Signor cacciatore, mi sento
orgoglioso di essere su questo battello che voi avete scambiato per un
cinghiale senza denti per l’offesa. Mentre voi vi sentite come cinque leoni
alla nostra caccia…
Passa ancora un’ora. La
caccia continua sempre più stretta e accanita…
All’improvviso si sente una
cosa raspare sulla nostra dritta… Orrore, spavento, la gelida mano della morte
ci sta per ghermire. Mi sento toccare il cervello, il cuore cessa il suo
battito, una sola idea fissa e rapida come un lampo: “Siamo fritti”!
Guardo un mio compagno
Coretti situato di fronte a me e lo vedo spaventato, irriconoscibile, il suo
pallore è diventato cadaverico, gli occhi spalancati quasi da uscire dalle
orbite, i capelli arruffati si sono drizzati come spine e a respiro fermo giro
lo sguardo verso l’orologio, ma non ricordo l’ora, come per darci un addio e
chiederci aiuto. Volevo scappare, ma mi sentivo inchiodato al mio posto, ero
terrorizzato quando girai lo sguardo e vidi tutti i miei compagni della camera
di manovra con lo stesso aspetto del Coretti.

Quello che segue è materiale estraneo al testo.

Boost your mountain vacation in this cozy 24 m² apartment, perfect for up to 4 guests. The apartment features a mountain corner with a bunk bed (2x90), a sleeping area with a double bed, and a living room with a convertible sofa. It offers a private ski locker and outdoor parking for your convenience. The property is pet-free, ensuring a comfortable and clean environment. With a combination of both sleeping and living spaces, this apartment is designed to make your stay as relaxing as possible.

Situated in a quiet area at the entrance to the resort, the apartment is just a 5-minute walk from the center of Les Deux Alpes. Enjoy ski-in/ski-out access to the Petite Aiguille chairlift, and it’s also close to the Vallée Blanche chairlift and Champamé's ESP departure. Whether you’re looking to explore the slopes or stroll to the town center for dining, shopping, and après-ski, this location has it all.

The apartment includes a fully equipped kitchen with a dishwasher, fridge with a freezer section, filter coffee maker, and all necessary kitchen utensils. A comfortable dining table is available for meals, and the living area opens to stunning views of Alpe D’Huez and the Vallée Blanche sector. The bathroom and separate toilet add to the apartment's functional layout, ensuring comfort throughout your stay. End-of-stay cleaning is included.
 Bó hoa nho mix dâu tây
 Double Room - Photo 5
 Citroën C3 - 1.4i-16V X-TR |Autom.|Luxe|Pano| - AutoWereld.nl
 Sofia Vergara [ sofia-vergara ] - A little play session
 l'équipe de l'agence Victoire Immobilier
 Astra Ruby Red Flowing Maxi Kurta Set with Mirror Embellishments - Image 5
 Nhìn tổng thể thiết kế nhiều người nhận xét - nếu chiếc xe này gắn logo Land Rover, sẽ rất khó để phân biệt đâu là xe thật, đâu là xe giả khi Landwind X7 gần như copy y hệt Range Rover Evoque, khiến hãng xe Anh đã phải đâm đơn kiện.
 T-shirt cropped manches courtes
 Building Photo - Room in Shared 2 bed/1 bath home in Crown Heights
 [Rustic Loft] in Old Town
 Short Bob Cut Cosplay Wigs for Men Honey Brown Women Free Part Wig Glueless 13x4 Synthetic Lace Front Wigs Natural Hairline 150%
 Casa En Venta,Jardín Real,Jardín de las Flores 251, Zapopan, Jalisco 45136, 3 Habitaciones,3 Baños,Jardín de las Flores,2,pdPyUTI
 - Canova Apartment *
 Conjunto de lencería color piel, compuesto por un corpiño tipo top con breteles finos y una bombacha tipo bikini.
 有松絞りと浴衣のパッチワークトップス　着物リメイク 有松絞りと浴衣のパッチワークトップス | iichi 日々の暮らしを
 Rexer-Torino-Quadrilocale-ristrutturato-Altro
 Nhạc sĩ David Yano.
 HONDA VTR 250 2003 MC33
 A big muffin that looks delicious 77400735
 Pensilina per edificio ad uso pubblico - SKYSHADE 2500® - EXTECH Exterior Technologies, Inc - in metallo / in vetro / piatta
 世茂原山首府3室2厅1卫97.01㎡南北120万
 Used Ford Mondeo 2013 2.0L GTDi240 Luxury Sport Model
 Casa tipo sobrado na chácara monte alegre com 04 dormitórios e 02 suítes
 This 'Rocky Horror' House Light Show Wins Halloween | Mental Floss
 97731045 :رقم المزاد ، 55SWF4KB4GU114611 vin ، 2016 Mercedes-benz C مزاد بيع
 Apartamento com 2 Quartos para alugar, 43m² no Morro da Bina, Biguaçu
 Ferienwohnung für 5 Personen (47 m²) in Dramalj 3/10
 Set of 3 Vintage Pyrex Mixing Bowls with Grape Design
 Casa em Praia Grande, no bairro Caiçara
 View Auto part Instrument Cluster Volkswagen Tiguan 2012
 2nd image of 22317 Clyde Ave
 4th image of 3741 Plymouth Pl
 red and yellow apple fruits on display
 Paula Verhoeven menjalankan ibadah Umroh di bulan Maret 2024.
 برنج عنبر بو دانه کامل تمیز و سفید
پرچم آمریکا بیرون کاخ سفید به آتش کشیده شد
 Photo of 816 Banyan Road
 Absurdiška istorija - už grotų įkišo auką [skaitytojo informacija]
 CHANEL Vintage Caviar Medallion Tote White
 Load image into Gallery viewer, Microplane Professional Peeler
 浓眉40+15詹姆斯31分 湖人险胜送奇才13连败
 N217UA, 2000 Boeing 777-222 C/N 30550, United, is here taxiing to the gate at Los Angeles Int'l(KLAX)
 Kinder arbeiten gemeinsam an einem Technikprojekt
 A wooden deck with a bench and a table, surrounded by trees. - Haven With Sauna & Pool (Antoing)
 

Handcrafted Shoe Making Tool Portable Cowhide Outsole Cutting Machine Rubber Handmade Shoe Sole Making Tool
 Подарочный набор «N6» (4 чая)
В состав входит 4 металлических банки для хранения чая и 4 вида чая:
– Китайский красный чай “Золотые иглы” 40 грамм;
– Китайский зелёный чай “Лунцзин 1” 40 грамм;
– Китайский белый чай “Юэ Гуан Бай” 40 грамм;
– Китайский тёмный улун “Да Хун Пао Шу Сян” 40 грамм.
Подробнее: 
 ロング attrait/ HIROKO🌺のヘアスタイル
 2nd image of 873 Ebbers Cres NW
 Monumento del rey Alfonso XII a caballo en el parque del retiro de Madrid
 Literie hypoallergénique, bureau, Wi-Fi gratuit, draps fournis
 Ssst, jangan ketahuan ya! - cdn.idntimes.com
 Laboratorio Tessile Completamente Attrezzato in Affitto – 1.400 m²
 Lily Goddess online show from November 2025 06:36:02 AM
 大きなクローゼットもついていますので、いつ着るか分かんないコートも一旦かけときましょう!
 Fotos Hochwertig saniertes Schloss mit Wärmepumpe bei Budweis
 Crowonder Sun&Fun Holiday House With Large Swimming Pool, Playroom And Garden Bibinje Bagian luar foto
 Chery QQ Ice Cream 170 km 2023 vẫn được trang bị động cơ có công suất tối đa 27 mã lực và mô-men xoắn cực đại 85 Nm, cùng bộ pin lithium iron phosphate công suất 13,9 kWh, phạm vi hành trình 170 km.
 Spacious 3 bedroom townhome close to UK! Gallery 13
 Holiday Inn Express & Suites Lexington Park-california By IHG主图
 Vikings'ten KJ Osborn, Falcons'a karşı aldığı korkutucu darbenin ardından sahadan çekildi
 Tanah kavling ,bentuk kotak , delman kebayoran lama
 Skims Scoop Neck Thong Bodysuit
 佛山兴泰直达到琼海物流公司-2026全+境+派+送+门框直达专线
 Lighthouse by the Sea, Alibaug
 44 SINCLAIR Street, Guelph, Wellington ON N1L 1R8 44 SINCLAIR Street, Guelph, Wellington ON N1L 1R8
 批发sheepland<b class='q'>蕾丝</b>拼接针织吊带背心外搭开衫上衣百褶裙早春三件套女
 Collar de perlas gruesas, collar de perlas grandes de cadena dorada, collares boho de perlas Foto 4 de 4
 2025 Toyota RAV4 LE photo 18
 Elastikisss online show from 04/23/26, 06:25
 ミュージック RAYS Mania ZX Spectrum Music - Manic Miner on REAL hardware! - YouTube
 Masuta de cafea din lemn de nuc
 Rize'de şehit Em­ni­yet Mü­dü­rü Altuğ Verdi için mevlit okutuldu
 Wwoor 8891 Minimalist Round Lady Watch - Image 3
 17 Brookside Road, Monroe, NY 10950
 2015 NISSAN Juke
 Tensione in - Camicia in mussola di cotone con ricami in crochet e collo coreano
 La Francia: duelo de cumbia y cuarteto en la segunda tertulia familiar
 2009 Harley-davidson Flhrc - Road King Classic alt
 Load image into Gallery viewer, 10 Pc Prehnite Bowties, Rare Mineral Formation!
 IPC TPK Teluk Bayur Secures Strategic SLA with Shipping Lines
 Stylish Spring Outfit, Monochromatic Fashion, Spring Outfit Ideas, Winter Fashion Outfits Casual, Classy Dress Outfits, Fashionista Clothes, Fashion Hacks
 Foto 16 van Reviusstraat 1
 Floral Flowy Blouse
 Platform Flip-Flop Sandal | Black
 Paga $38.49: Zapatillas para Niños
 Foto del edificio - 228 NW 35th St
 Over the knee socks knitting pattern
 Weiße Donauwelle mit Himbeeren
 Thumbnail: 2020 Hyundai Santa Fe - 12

La cosa continuava a raspare
e strisciare lentamente sulla nostra fiancata di dritta nella direzione di
poppa fino a che non la sentimmo più. Il mio respiro era ancora mozzato e gli
occhi sbarrati, ma man mano che i minuti passavano, la calma ritornava. Mi
sentii passare per la schiena, a diverse riprese, dei brividi freddi che
andavano dalla testa al bacino. Più tardi chiesi ai miei compagni di bordo le
loro sensazioni, era le stesse mie. Perché tanta paura ha provato ognuno di
noi? E quell’aspetto terribile? Che cosa ci aspettavamo? Il colpo finale? Come
ci siamo sentiti toccare e raspare… l’ala della morte ha sfiorato e
carezzato i nostri volti, poi è scomparsa; con essa anche la paura.
Come mai, ci domandammo,
siamo ancora vivi? Forse è stato un sogno? No! Nessuno di noi ha sognato: quella
era la realtà. Perché il terribile ordigno non è scoppiato? Per la semplice
ragione che la torpedine da rimorchio era a quota di profondità superiore alla
nostra e così noi siamo riusciti a non saltare in acqua.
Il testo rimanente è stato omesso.